Our model is based on the Wright–Fisher model (Fisher 1930; Wright 1931), which assumes a constant population size N and non-overlapping generations. Each generation is formed by choosing N genomes, with replacement, from the previous generation. For each genome, a Poisson-distributed number of point mutations (with mean 0.1, corresponding to a mutation rate of 10−5) are added at random points along each genome at each generation. Further, a Poisson-distributed number of attempts (with mean 5) are made to copy a randomly chosen stretch of sequence, of geometrically distributed length with mean size of 1000 nucleotides, from a homologous sequence taken from a randomly chosen genome from the population. We used two different rules for homology-dependent recombination. In the first rule, log-linear (Roberts & Cohan 1993), the probability p of successful import decreases exponentially with the proportion of sequence differences according to the formula log(p)=−300π, where π is the proportion of nucleotides that differ between the import and the original sequence.
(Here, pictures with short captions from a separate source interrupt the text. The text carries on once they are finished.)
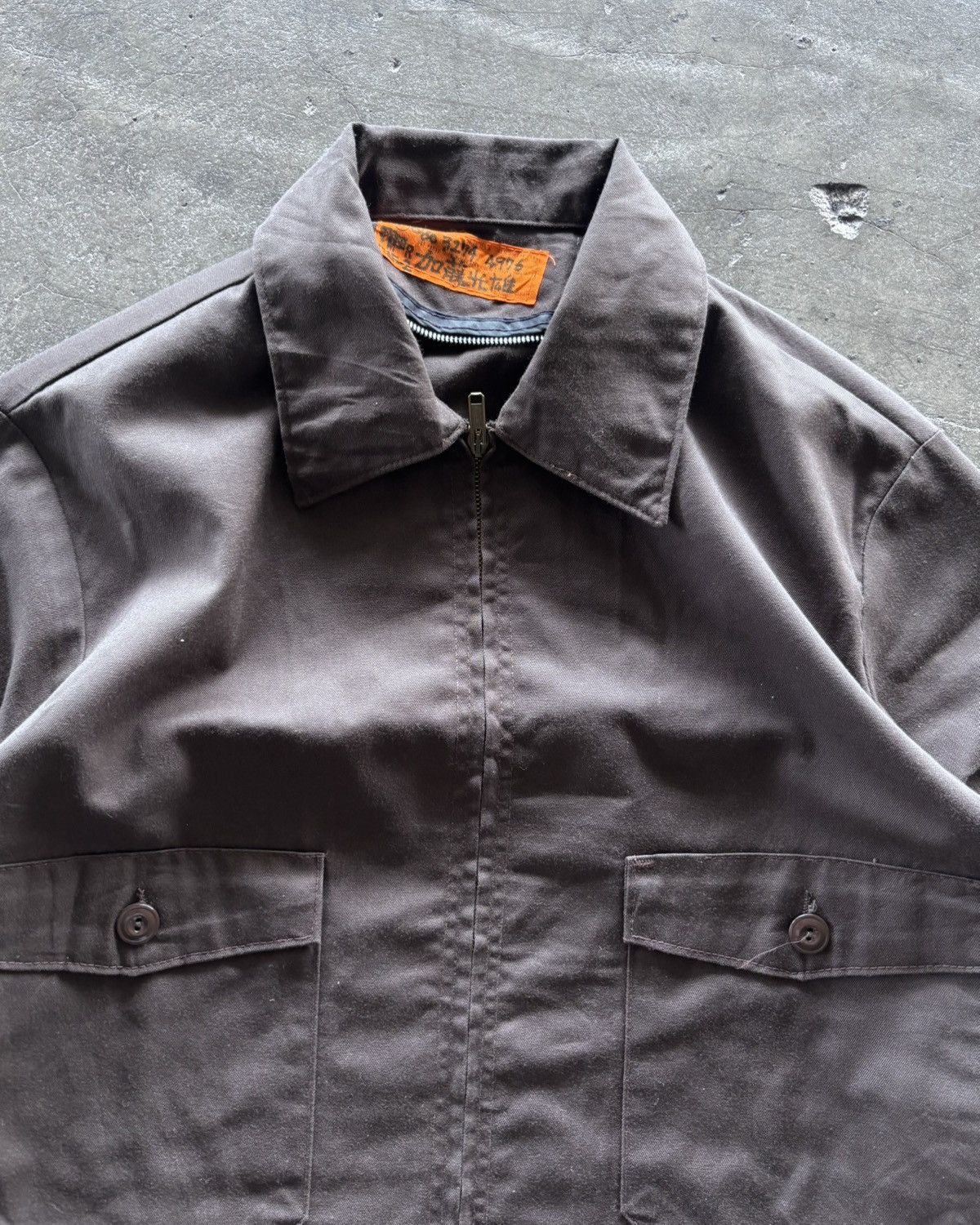 Red Kap × Vintage 90s Union Made In Usa Brown Work Jacket Size US L / EU 52-54 / 3 - 3 Thumbnail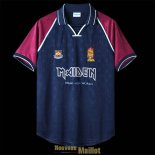 Maillot West Ham United x Iron Maiden Retro Blue 1999/2001
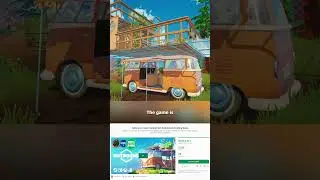 Cozy Camper Van Exploration and Crafting Game? 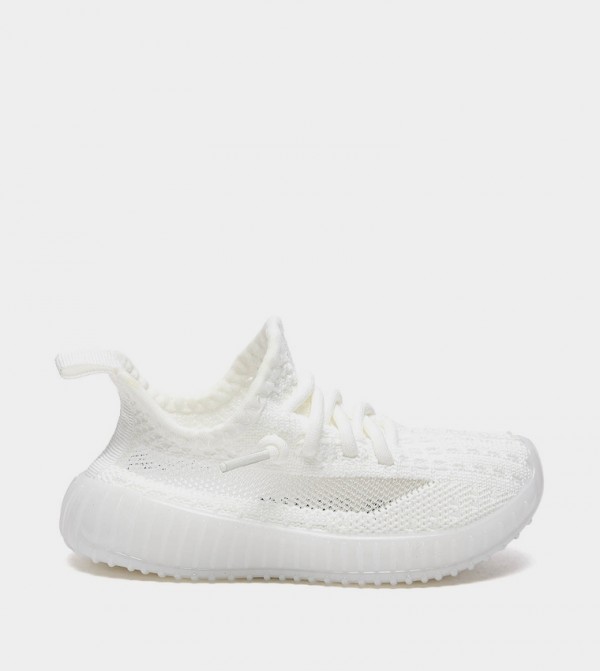 Knitted Lace Up Shoes
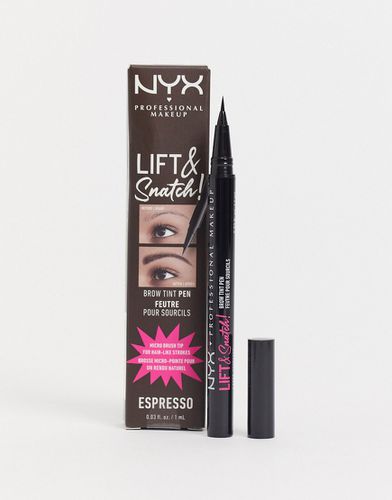 Lift And Snatch Brow Tint Pen - Penna colorata per sopracciglia - NYX Professional Makeup - Modalova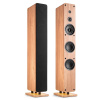 Audizio ARCO aktívny set reproduktorov s DAB rádiom - HiFi reproduktory s Bluetooth pairing - 320 W - Drevo Audizio ARCO aktívny set reproduktorov s DAB rádiom - HiFi reproduktory s Bluetooth pairing - 320 W - Drevo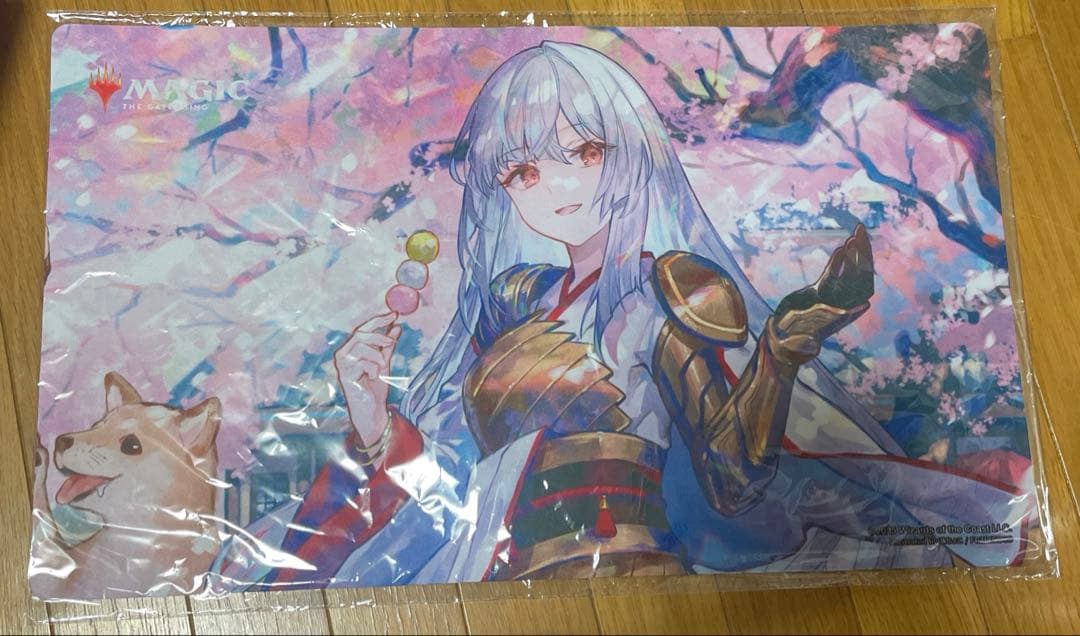 MTG 放浪皇　春のお花見キャンペーン　プレイマット
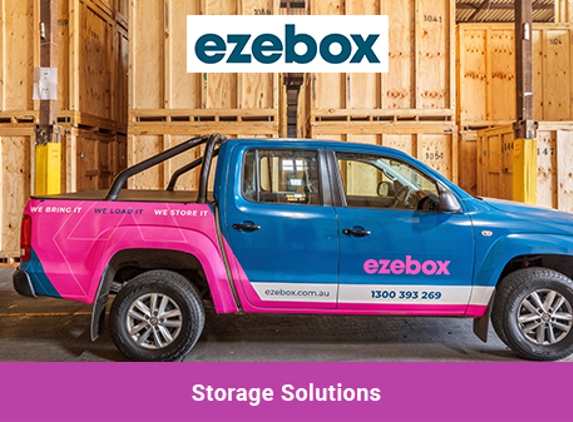 Ezebox - West Footscray, VIC. Storage Solutions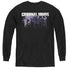 CRIMINAL MINDS/SEASON 10 CAST - YOUTH LONG SLEEVE TEE - BLACK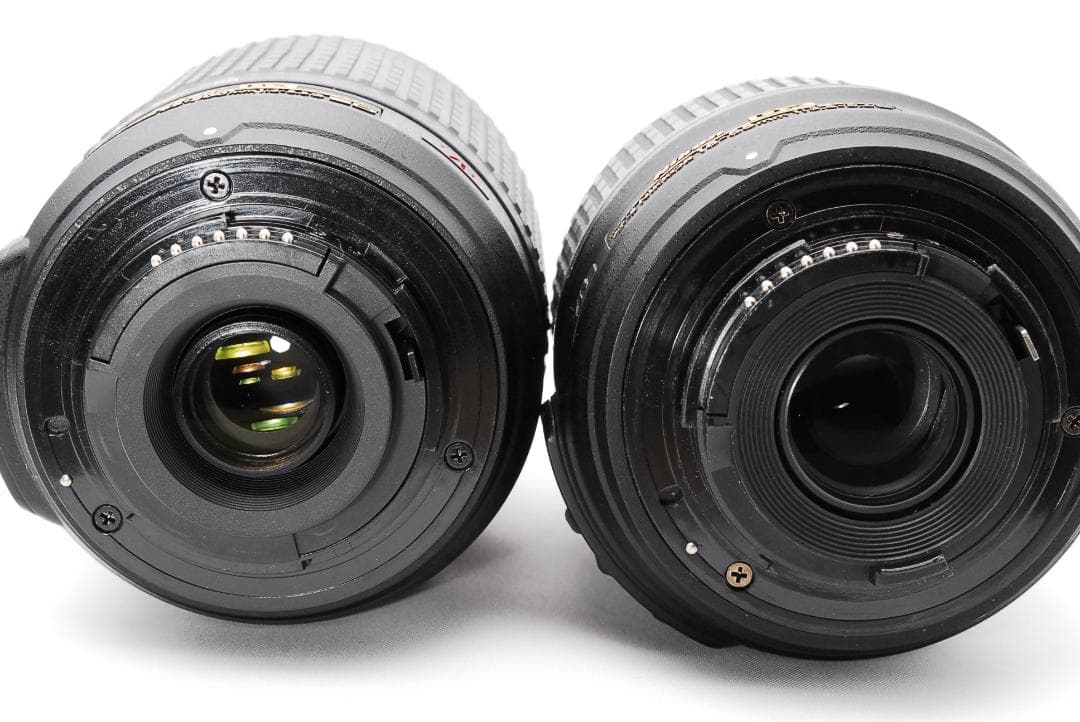 ♥ Nikon D5200 Wレンズ 一眼レフ スマホ転送 レアなブロンズカラー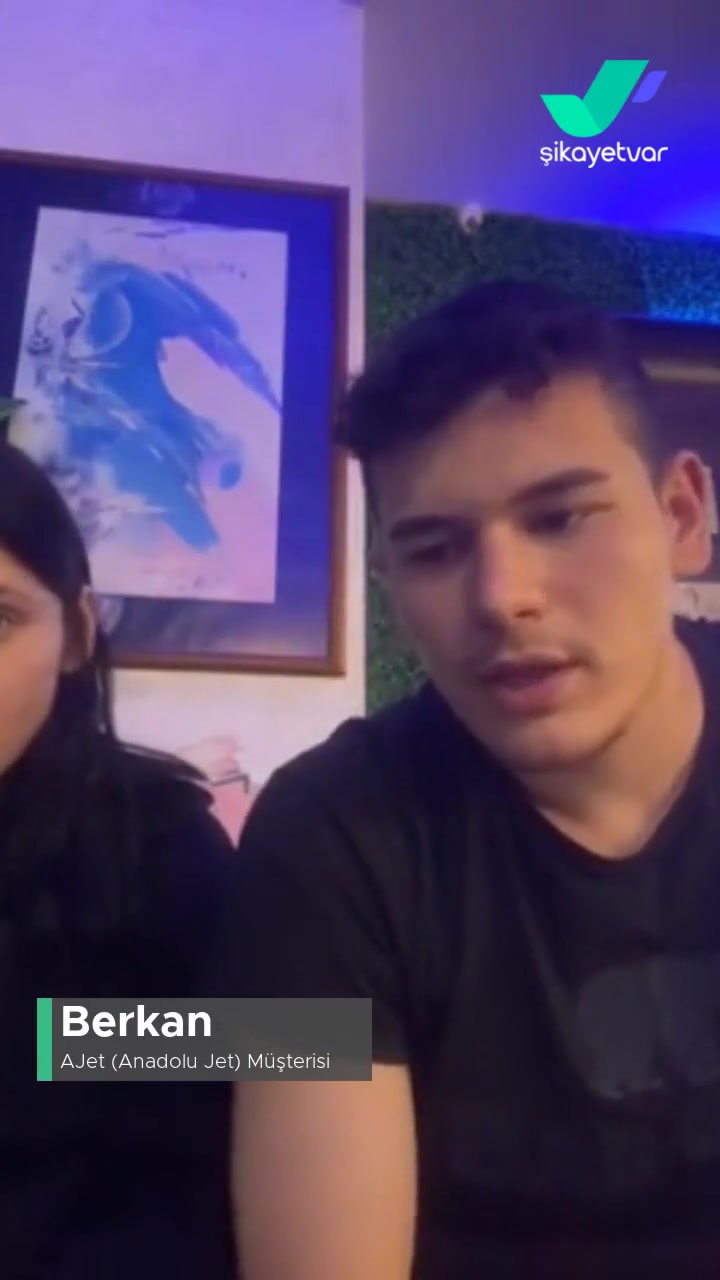 AJET'in Uçuşa 7 Saat Kala Uçuş İptali Ve Hiçbir Şekilde Destek Yok! videonun kapak resmi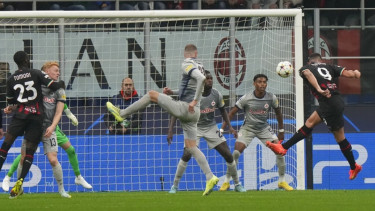 AC Milan vs Salzburg di Liga Champions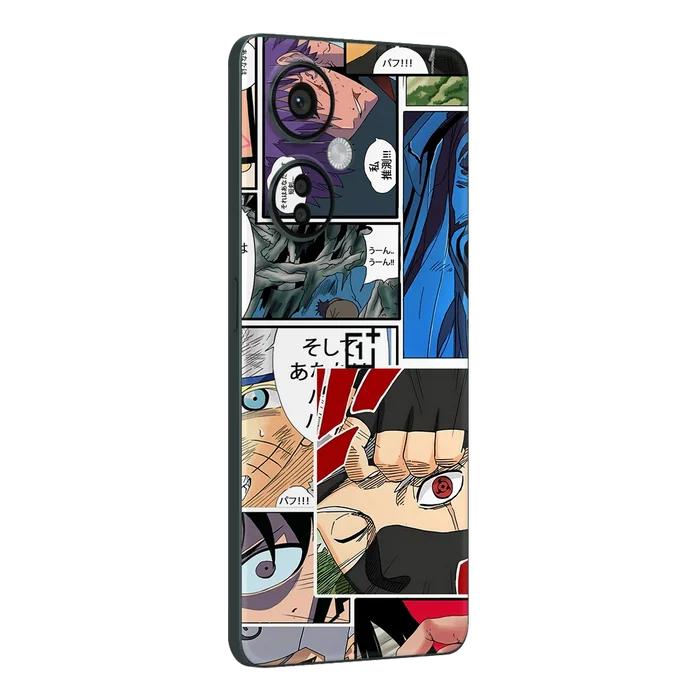 Flat Back / Manga Relics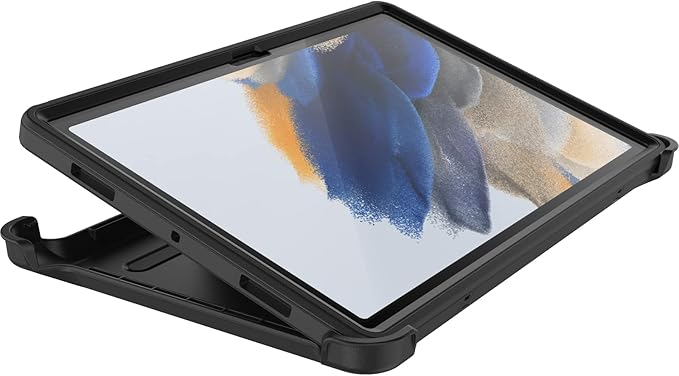 OtterBox DEFENDER SERIES SCREENLESS Case for Samsung Galaxy Tab A8 - BLACK (Non-retail/Ships in Polybag) Rugged Durable Multi-Layer Protection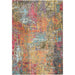 Celestial CES14 Modern Abstract Soft Durable Low Short Flat Pile Sunset Rug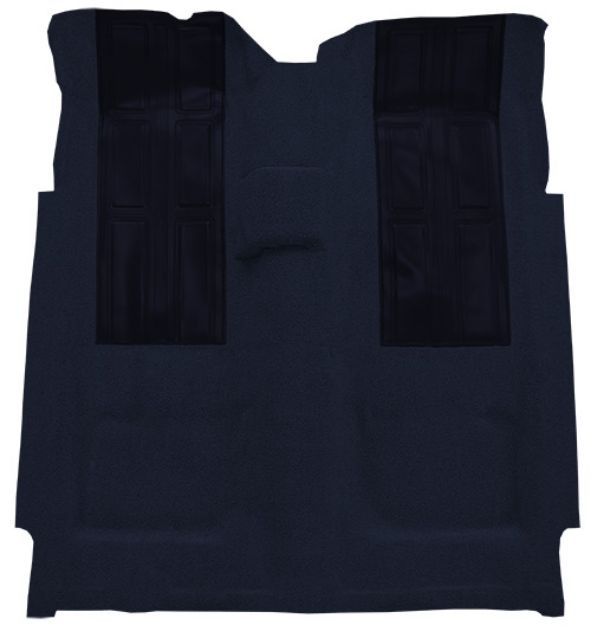 Picture of 1972-1973 Ford Torino GT with 2 Dark Blue Inserts 2DR 4spd Loop Carpet Flooring 01 Black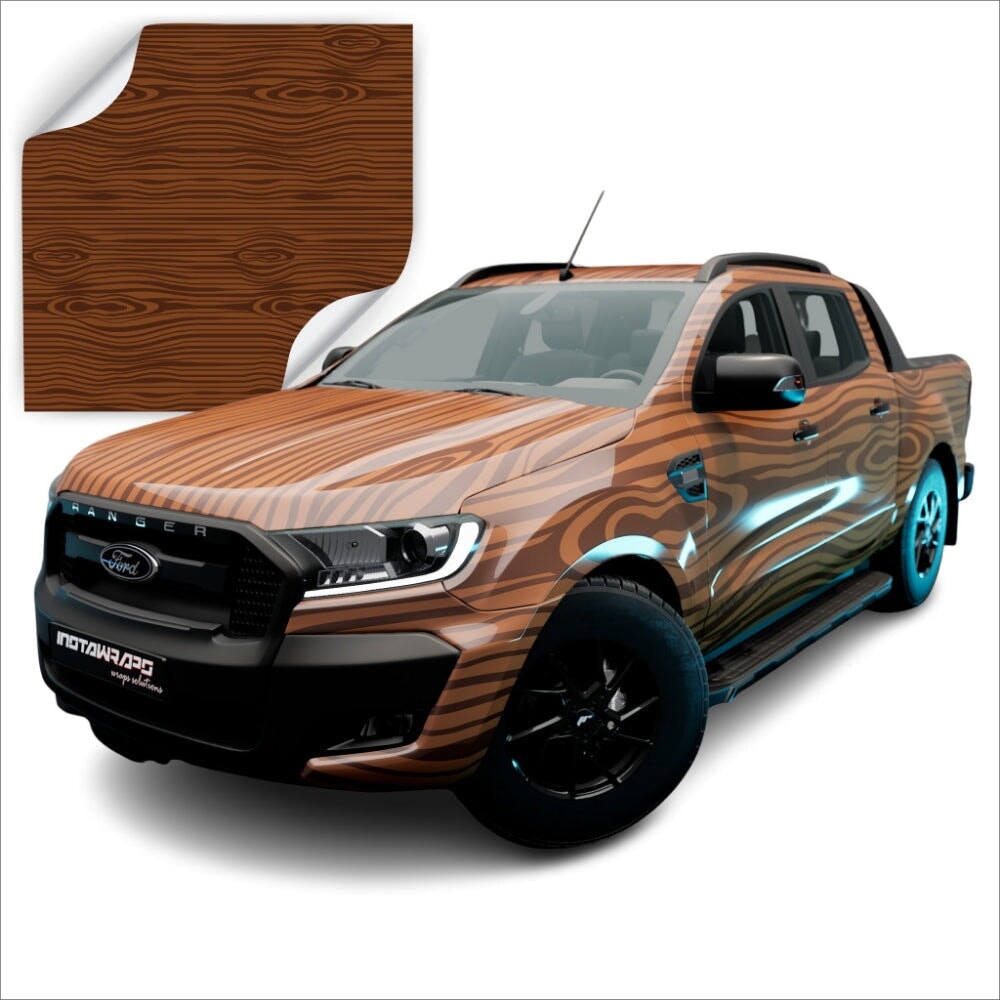 AVERY DENNISON VINYL PRINTED WOOD PATTERNS WD SERIES WRAPPING FILM | WD6601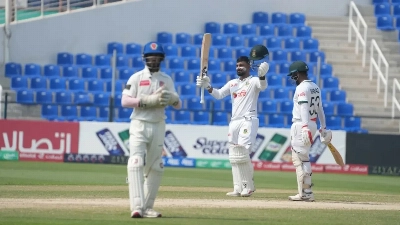 Litton Das Century Sets Up Bangladesh Victory Push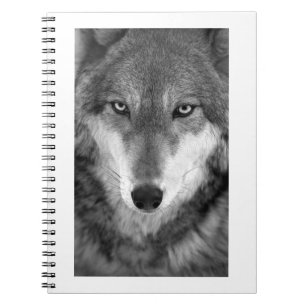Caderno Espiral Madeira Wolf#1-Notebook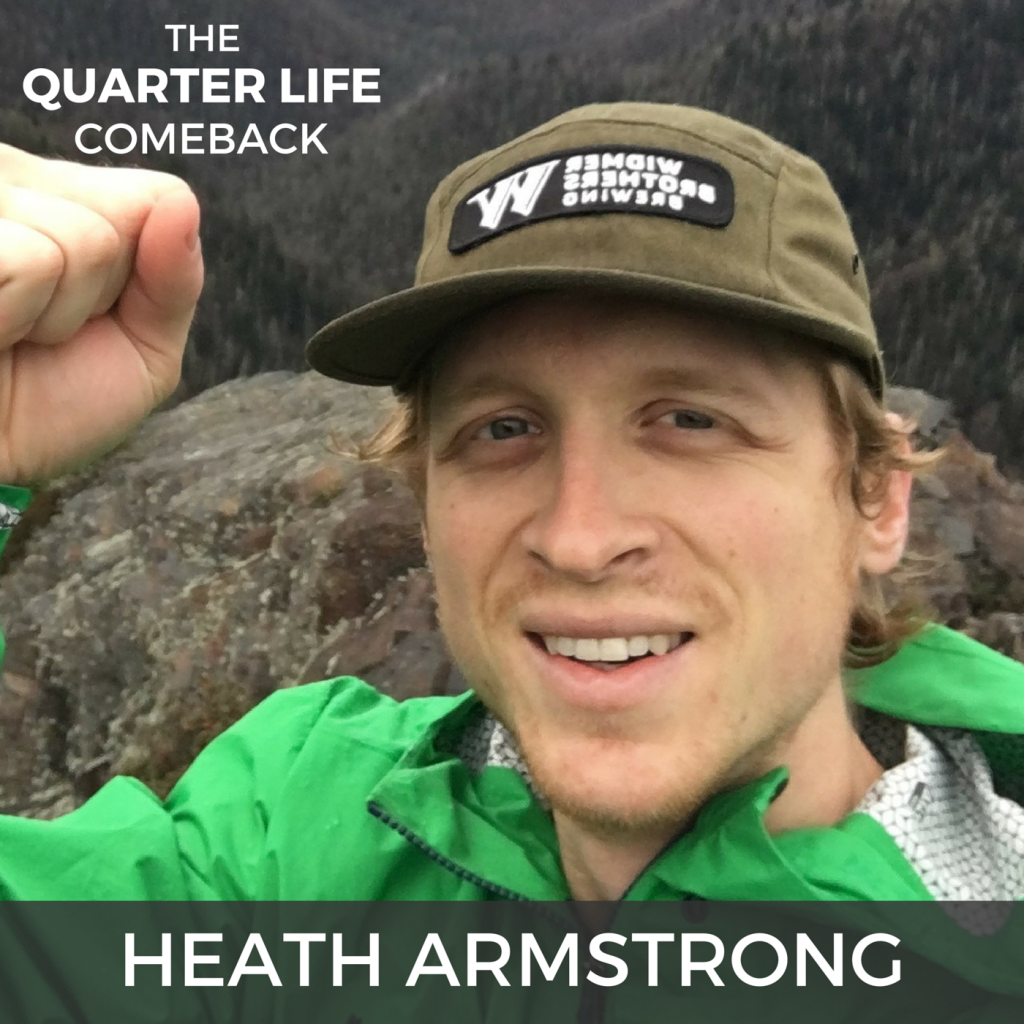 QLC 003: How to Change Your Life with Heath Armstrong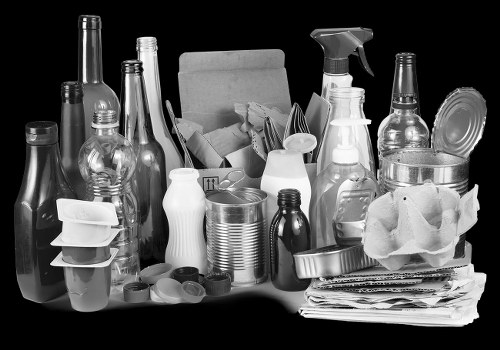 Professional team assessing office items for clearance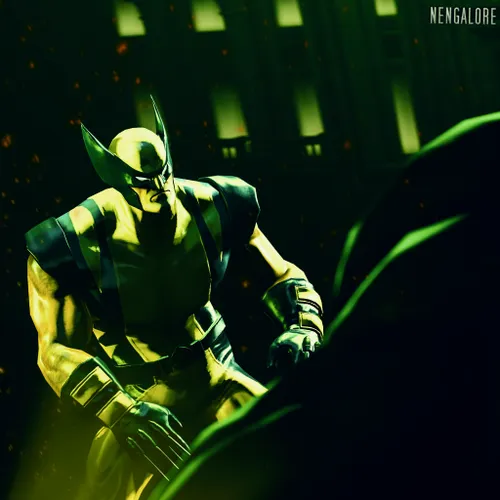 Thumbnail image for Marvel Heroes - Modern Wolverine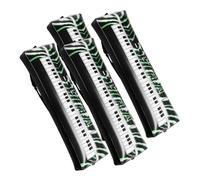 BAZEITFLOW 4 pièces Instrument Musique Gonflable Clavier PVC Réutilisable Décoration Fête Interactive pour Soirées Disco et Réunions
In the second rule, minimal efficient processing segment (MEPS; Shen & Huang 1986), imports are accepted only if 150 nucleotides on either end of the sequence are identical.
In order to establish whether the population was segregated into distinct genetically isolated units, we calculated ‘r-connectivity’, r. We define β as the average probability of acceptance of exchanges between any pair of genomes. We can then abstract the population as a set of nodes connected by pairwise values of β. r is the highest value such that for any two genomes in the population, there exists a path connecting them, in which all values of β are greater than or equal to r. r is a measure of the connectivity of the network, which drops dramatically as speciation occurs.
The qualitative behaviour of the model depends on the population size N. When N=500, the population persists indefinitely as a single biological species (electronic supplementary material, movie S1), with r always greater than 0.1. When the population size is increased to N=1000, speciation occurs through a complex and highly variable stochastic process (electronic supplementary material, movie S2). Distinct clades emerge repeatedly. Most clades go extinct as a consequence of genetic drift before a genome-wide barrier to genetic exchange can develop. However, occasionally, a clade diverges from the rest of the population to the extent that recombination becomes very rare (e.g. figure 1a), reducing the value of r for the population to 0.0001 or less.
In our simulations with a population of size N=1000, new species disappeared frequently owing to genetic drift and the entire population never contained more than three genetically isolated groups at any one time (figure 1b). However, with N=2000, sequential events lead to the simultaneous occurrence of multiple species (figure 1c; electronic supplementary material, movie S3). The two different types of homology rule that we tested (log-linear and MEPS) gave qualitatively similar results for various parameters, but a population evolving under less strong homology dependence requires either a larger population size or a higher mutation rate to induce speciation (data not shown).
Insight into the effect of population size on speciation is provided by the relationship between the number of generations since the common ancestor of a pair of strains and the genetic distance between them (figure 2). For both N=500 and 1000, the initial phase of divergence is rapid, with strains picking up multiple sequence differences by recombining with unrelated strains from the same species (this phase occurs approximately between 0 and 100 generations in figure 2). As the divergence between strains increases, the net effect of recombination changes, so that eventually it acts to homogenize rather than to speed differentiation. For N=500, the initial divergence gives rise to a stationary phase, in which the divergence between strains is approximately constant. For a few pairs of clades, there is a tendency for the genetic distance to increase slowly over time, which is a hallmark of nascent speciation; however, because the population size is small, one of the two clades generally drifts to extinction before becoming clearly identifiable as a distinct new species.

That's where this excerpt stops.